Moral, I think: the tradeoff is predictability vs. performance. I don't trust random linux configs to perform as well as they should; I trust Solaris x86 to work properly with the hardware Sun's certified. What one chooses depends on how much time one has to test, etc, I think.
#Comment made: 2002-02-21 05:33:18+00 by:
ebradway
Does Sun actually certify Solaris on particular hardware?
Mike Kite (mkite@smallternative.com) has done more with Solaris on Intel than anyone I know. His general impression is that it is slow and, compared to Linux, there isn't much hardware available.
At the same time, Mike H. at HTS has been running Red Hat Linux on a Sparc for a production server for quite some time. Why the heck are you bothering with Solaris on Intel? Is there actually something on Solaris that isn't supported under Linux?
#Comment made: 2002-02-21 05:33:19+00 by:
pharm
Some companies will want Solaris on Intel. In passing, istr reading
somewhere that Sun is going to abandon Solaris on Intel altogether.
Don't have an authoritative source for that though.
#Comment made: 2002-02-21 05:33:19+00 by:
Dan Lyke
The nominal reasons are "better" threads and large file support.
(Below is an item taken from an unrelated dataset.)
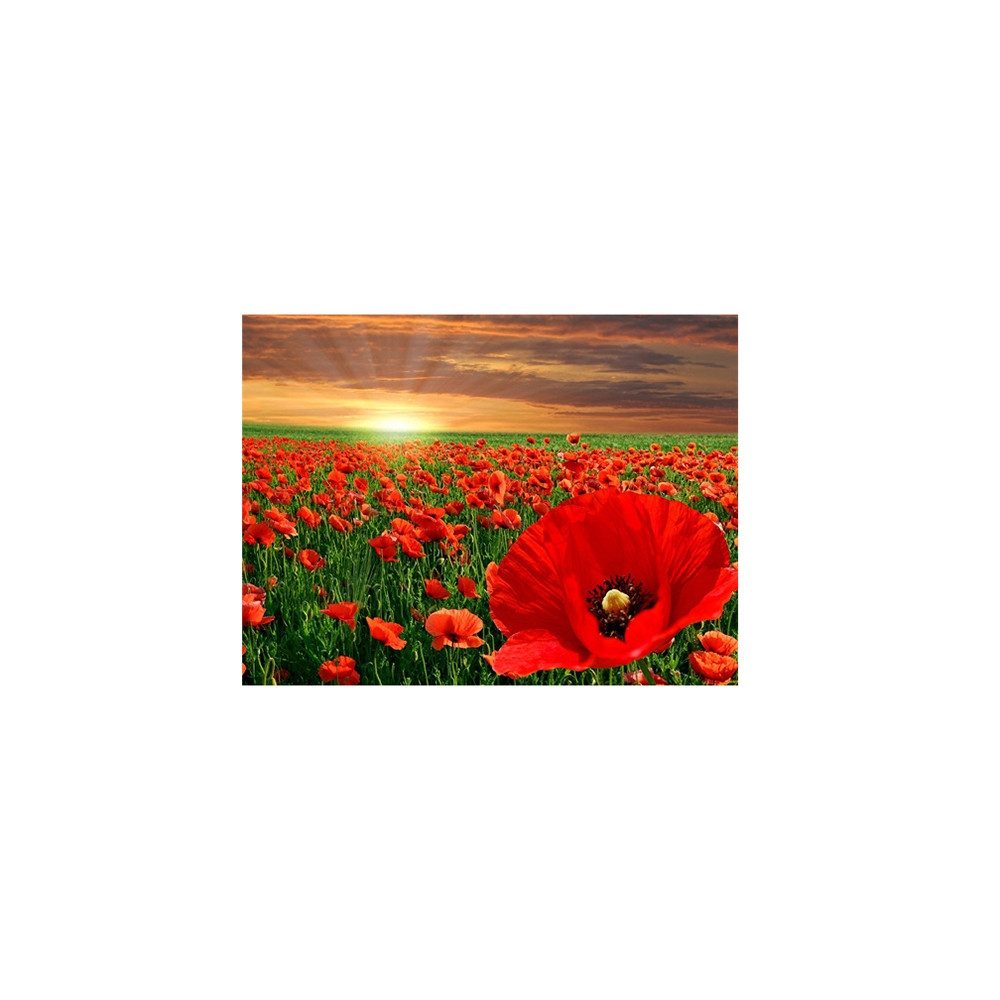 Pracht Kreativset PRACHT Diamond Painting Mohnblumen 40x30cm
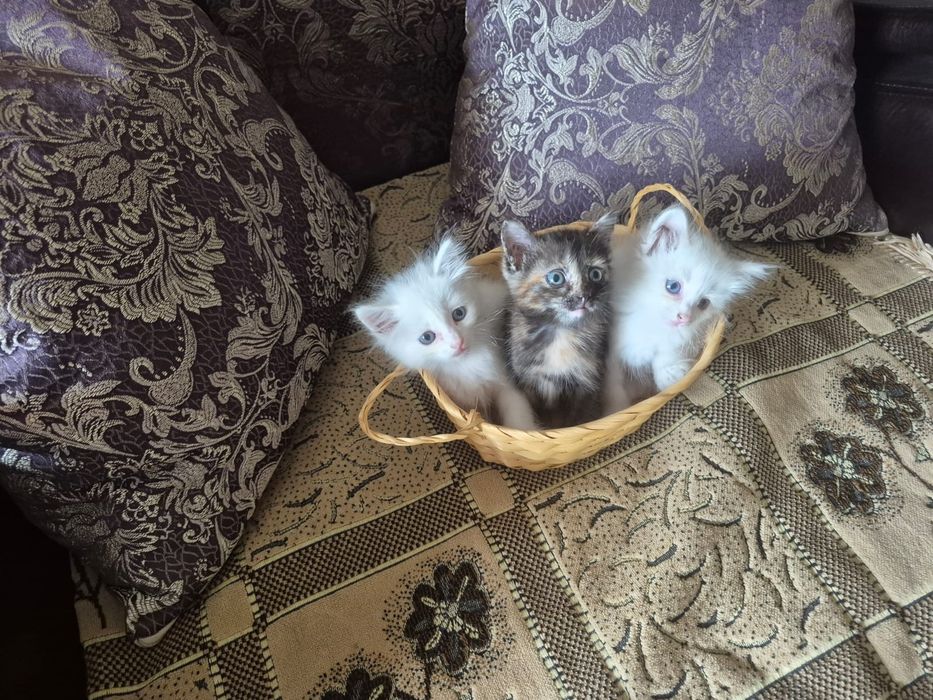 Отдам в добрые руки котят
Yeah, threads aren't processes, but they still crash the hell out of some of the profiling tools and make the debuggers hard to use, aaaand, I'm not sure that the large file support really is any better, just "officially supported" for one of the packages we're using. But this project is one string of "that's not the way I would've done it"s, so one more weirdness is just one more weirdness.
#Comment made: 2002-02-21 05:33:20+00 by:
Bryant
Yeah, Sun has a relatively short Hardware Compatability List. Definitely
not as much hardware available, but again, the tradeoff is that you know
the hardware is gonna work right.
As of a couple of years ago, network performance on Solaris x86 was
much better. Probably not true anymore, assuming you don't run into
network driver problems on the linux side.
#Comment made: 2002-02-21 05:33:25+00 by:
meuon
If you were to run this on a big Sun/Sparc box, I'd say you want Slowlaris
as the hardware support for the special hardware is worth it. For the $$
though, you can buy a LOT of Intel/AMD hardware and RAM and run Linux or BSD.
better. I am sure you'll have this code compiling and running on both well, just in case.
#Comment made: 2002-02-21 05:33:25+00 by:
ebradway
Dan said:
<quote>I'm not sure that the large file support really is any better, just "officially supported" for one of the packages we're using. </quote>
That answers that question. The big software vendors are a little slow at 'supporting' new versions of Linux. Last I heard, Sybase still isn't supporting the 2.4 kernel AT ALL, even for ASE 12.5. This means no real bigmem support or large file support - and for enterprise RDBMS this is a major issue. Of course, I was running Sybase ASE 11.0.3.3 (the free, unsupported version) on a box with a 2.4 kernel and 4GB of RAM. I never got to try large files though.